(Task item)
Search the data below for the word "Apartment" and copy each line that holds it.

++++++++++

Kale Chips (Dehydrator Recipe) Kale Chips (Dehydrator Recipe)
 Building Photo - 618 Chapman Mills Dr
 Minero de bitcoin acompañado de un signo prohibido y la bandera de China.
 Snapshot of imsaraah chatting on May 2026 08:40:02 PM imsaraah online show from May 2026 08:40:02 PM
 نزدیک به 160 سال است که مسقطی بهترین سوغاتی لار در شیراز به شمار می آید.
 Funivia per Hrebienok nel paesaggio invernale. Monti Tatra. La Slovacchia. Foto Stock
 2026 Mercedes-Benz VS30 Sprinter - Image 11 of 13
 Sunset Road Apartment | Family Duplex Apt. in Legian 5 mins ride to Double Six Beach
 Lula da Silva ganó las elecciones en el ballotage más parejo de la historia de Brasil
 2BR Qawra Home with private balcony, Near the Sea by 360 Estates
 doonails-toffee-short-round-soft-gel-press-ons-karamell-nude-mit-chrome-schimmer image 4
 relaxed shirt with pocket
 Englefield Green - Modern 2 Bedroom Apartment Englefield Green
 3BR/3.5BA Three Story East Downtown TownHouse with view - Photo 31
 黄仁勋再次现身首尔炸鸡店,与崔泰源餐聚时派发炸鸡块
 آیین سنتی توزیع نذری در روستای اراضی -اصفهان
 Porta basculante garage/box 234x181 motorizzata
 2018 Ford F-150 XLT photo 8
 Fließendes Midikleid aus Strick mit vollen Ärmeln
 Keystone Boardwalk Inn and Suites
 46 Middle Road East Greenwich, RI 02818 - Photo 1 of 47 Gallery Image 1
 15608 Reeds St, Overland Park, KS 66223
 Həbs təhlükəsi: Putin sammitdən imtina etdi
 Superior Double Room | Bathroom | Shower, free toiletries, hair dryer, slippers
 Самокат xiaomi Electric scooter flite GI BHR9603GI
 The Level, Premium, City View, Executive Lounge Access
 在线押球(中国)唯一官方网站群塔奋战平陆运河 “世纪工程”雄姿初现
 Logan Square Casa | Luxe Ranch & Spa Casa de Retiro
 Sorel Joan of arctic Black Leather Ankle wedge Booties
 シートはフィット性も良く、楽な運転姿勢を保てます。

++++++++++

(Exercise answer)
 Sunset Road Apartment | Family Duplex Apt. in Legian 5 mins ride to Double Six Beach
 Englefield Green - Modern 2 Bedroom Apartment Englefield Green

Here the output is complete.